** Exercise aim **
Nothing but the lines from the one containing "With all the" through the one containing "Soldering for the", both included, should be given again, each exactly as written below.

** Input data **
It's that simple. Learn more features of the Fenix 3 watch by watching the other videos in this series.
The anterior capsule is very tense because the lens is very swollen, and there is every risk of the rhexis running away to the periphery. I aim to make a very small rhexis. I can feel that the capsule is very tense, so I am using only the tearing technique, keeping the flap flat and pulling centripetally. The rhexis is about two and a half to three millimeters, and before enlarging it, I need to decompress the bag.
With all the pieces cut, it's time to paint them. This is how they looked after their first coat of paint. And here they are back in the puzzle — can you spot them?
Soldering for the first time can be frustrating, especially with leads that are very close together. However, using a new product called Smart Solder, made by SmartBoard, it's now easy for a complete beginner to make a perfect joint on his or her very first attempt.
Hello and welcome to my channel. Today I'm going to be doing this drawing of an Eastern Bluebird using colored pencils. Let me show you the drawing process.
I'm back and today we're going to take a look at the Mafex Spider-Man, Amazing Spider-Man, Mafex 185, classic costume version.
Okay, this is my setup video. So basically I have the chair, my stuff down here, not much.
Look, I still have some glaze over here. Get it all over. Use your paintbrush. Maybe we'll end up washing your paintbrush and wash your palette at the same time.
---
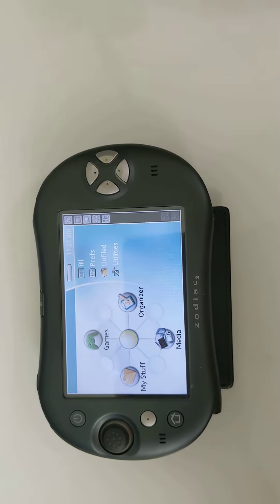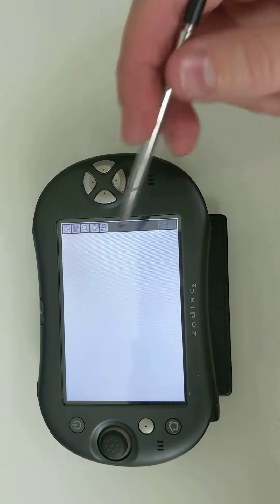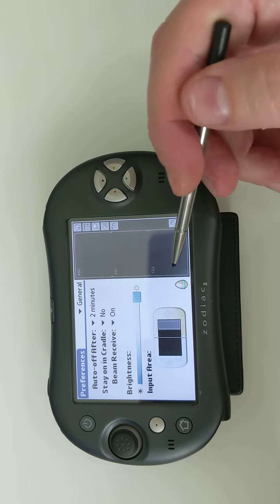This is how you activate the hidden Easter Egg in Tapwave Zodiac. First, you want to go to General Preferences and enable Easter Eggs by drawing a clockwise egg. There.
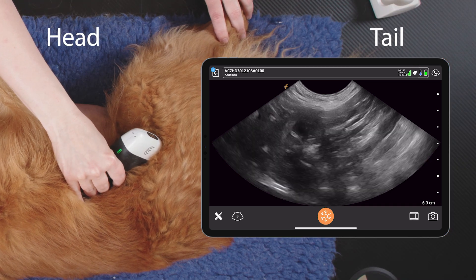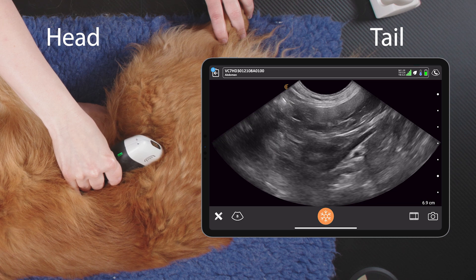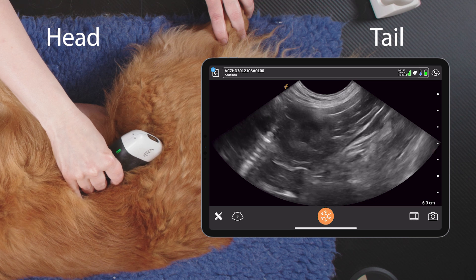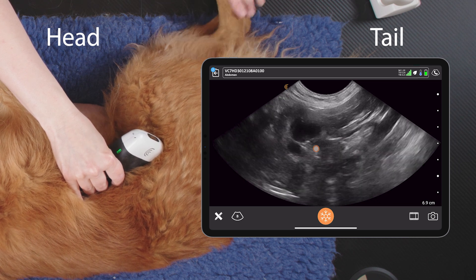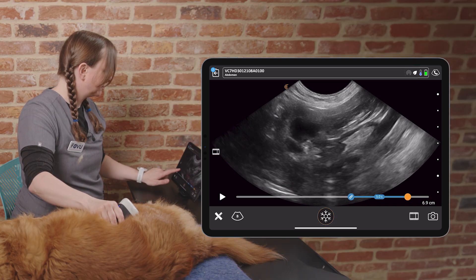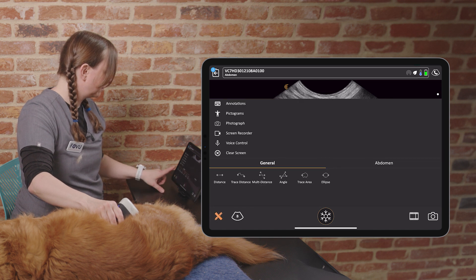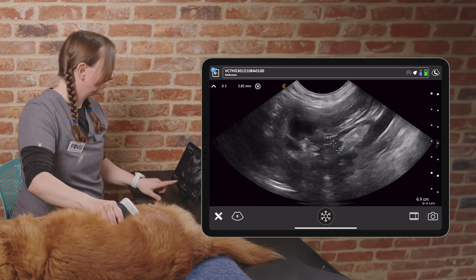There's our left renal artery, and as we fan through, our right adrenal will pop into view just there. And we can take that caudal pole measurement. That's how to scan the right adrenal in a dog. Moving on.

** Task result **
With all the pieces cut, it's time to paint them. This is how they looked after their first coat of paint. And here they are back in the puzzle — can you spot them?
Soldering for the first time can be frustrating, especially with leads that are very close together. However, using a new product called Smart Solder, made by SmartBoard, it's now easy for a complete beginner to make a perfect joint on his or her very first attempt.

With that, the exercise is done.